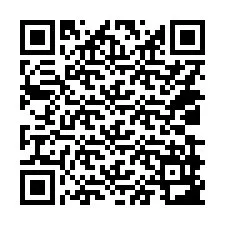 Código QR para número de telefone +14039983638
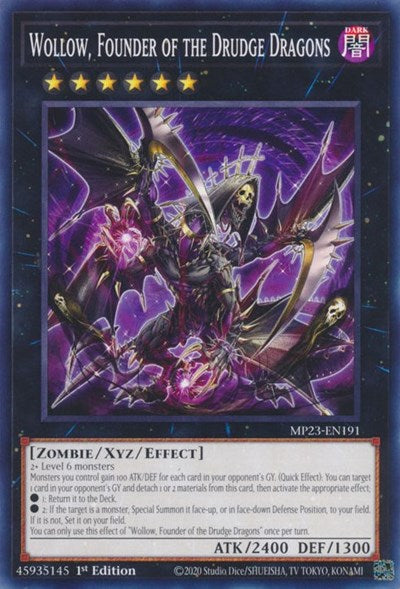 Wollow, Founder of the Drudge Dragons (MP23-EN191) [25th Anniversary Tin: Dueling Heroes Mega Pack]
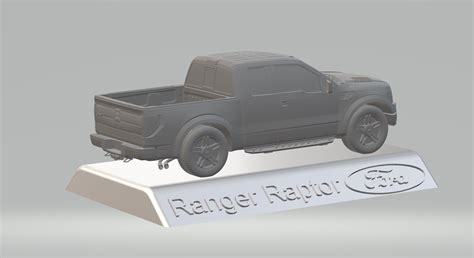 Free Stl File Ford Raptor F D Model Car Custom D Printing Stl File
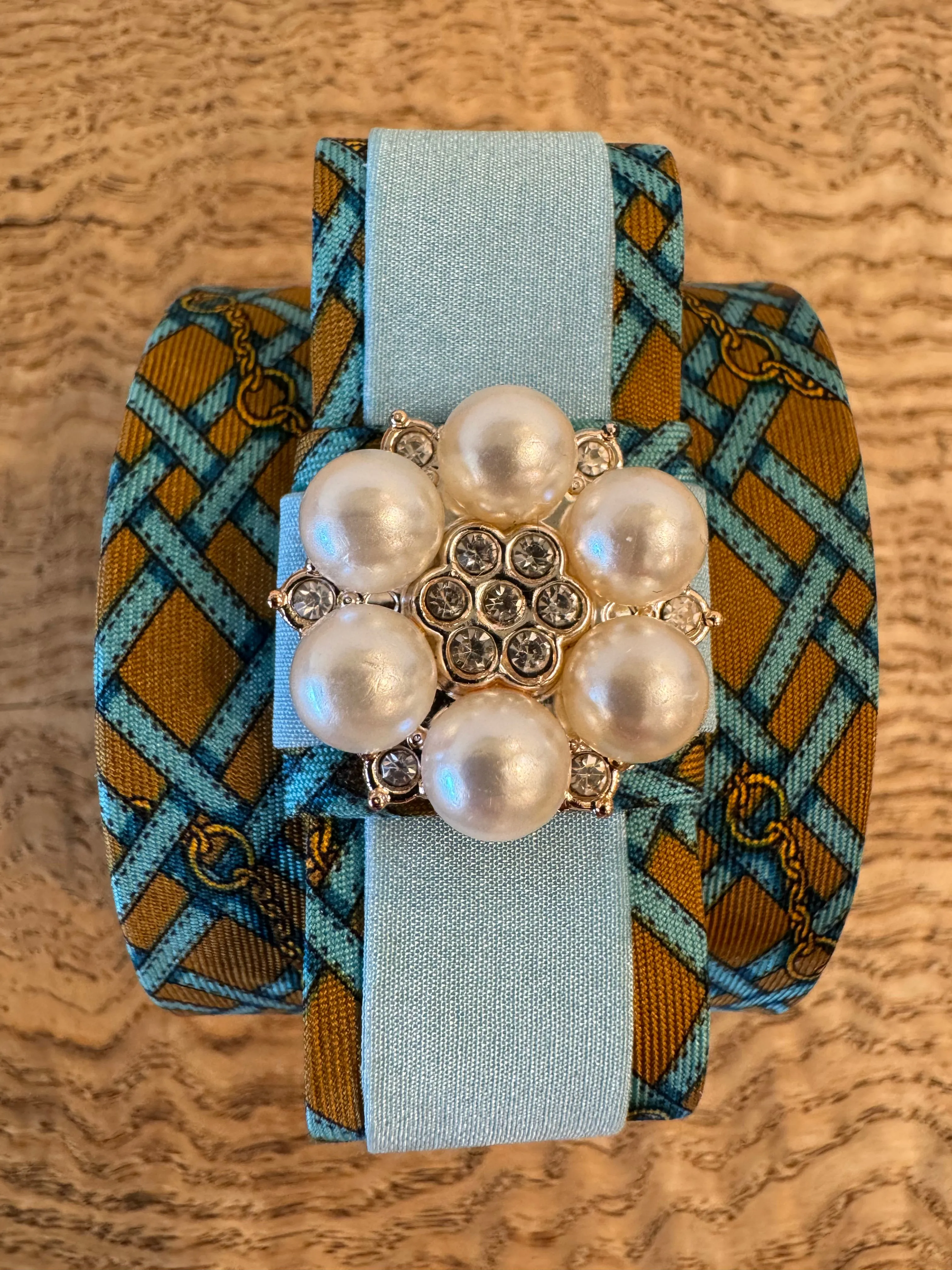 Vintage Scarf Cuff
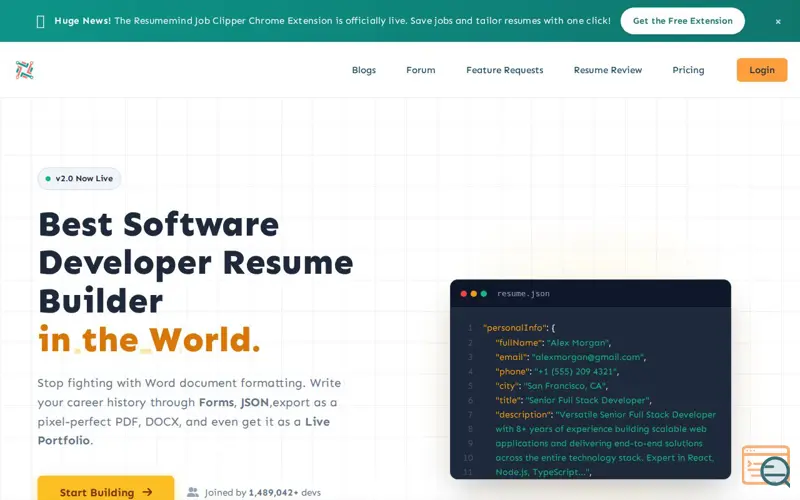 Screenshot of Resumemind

■ ■ ■ ■ ■ ■ ■

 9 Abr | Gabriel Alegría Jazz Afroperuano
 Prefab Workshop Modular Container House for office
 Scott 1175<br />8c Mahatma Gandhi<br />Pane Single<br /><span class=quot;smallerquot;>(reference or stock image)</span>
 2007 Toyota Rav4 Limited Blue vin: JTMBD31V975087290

■ ■ ■ ■ ■ ■ ■

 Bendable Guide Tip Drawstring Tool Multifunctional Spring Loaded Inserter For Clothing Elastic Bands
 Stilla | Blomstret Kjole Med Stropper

■ ■ ■ ■ ■ ■ ■

--- PROBLEM STATEMENT ---
In the data above, find the line containing "Código QR para" and the line containing "Screenshot of Resumemind". Repeat those two lines and everything between them exactly, minus the pictures.

--- ANSWER SECTION ---
 Código QR para número de telefone +14039983638
 Wollow, Founder of the Drudge Dragons (MP23-EN191) [25th Anniversary Tin: Dueling Heroes Mega Pack]
 Free Stl File Ford Raptor F D Model Car Custom D Printing Stl File
 Vintage Scarf Cuff
 Screenshot of Resumemind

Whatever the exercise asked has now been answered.